Take the line with "Spectacularly decorated homes" as the first and the last line of the data as the end. Write out both and every line between exactly, except pictures.

> [Material provided]
────

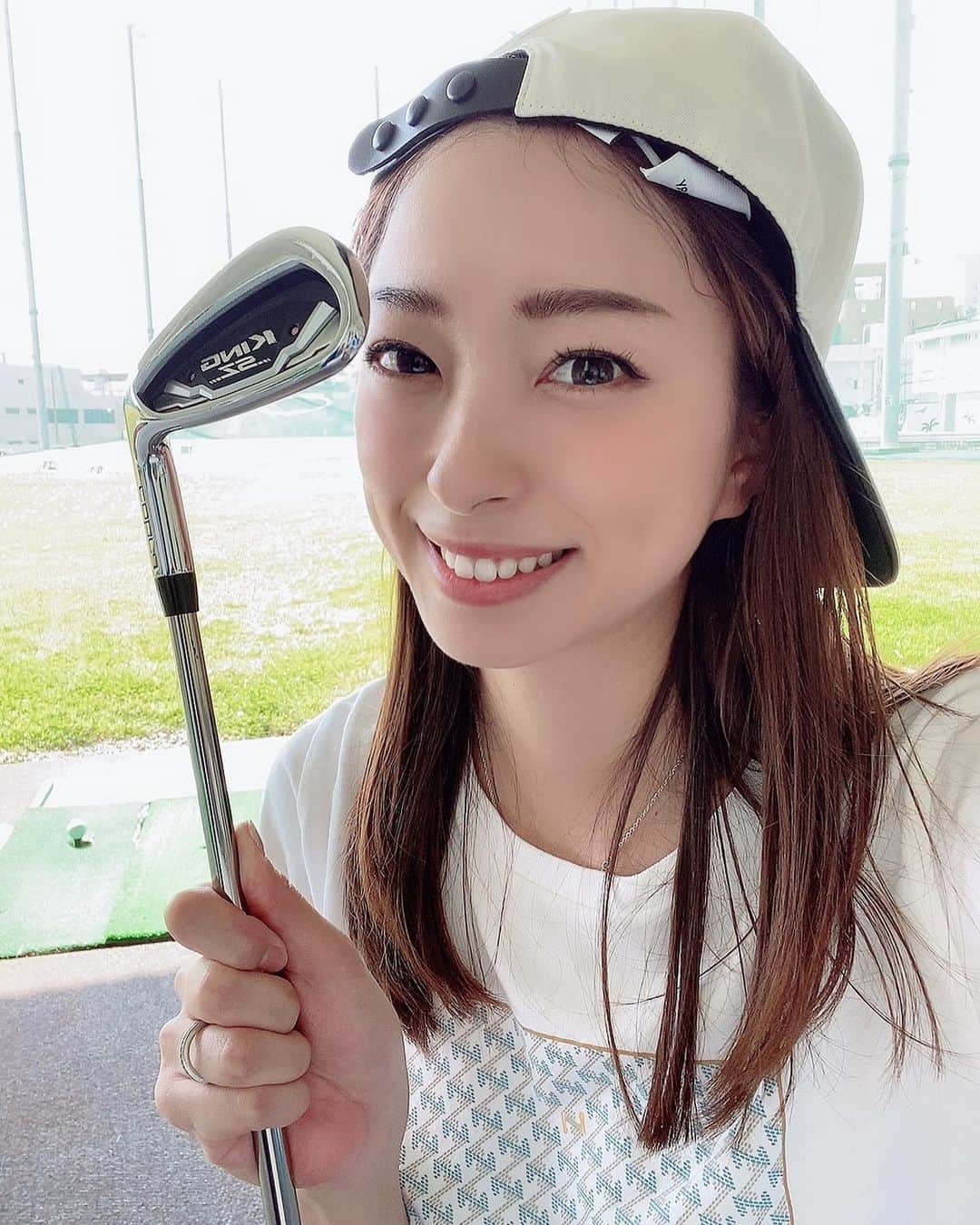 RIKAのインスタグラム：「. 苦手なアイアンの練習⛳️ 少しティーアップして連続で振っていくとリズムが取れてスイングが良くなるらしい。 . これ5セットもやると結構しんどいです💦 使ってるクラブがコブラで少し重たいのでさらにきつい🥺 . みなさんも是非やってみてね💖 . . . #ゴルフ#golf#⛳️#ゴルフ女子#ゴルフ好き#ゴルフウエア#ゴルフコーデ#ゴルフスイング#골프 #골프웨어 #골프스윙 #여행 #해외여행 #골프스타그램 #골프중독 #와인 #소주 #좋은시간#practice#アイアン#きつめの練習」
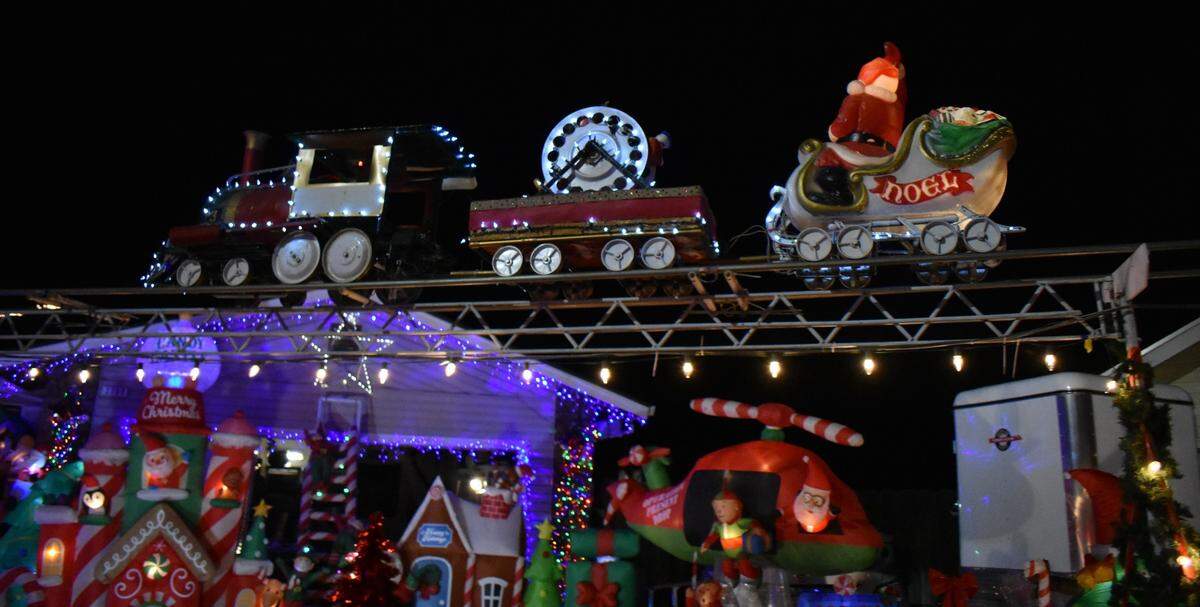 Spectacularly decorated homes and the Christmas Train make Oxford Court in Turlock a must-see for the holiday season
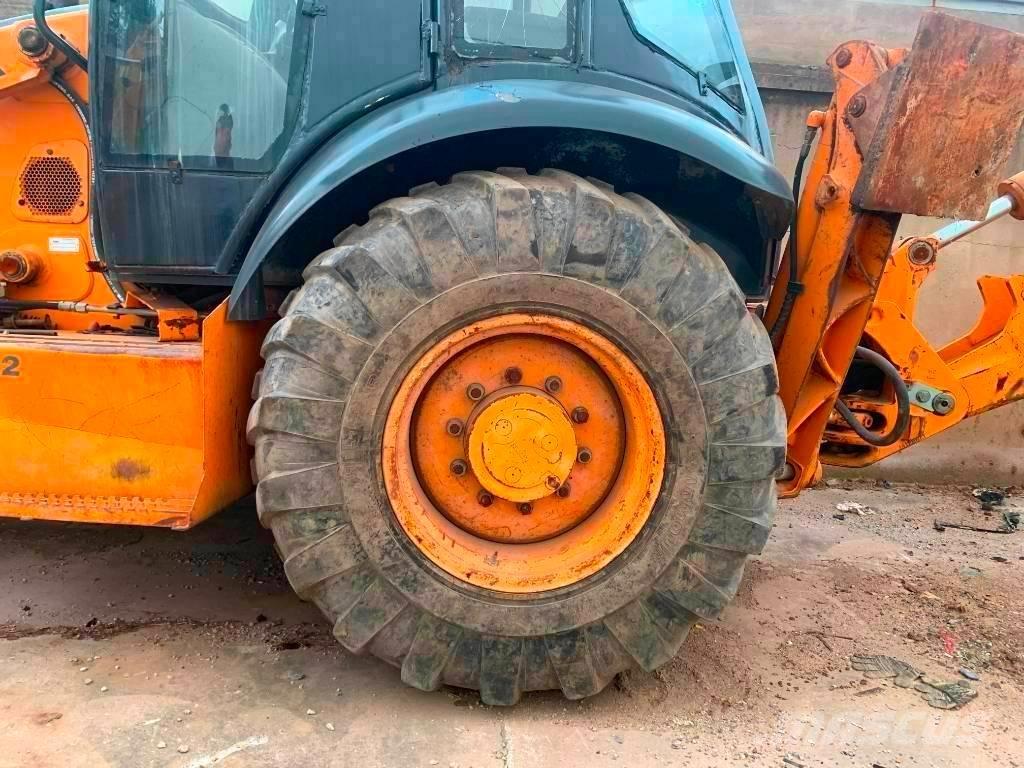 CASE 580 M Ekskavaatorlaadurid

────

> [Solution to the exercise]
 Spectacularly decorated homes and the Christmas Train make Oxford Court in Turlock a must-see for the holiday season
 CASE 580 M Ekskavaatorlaadurid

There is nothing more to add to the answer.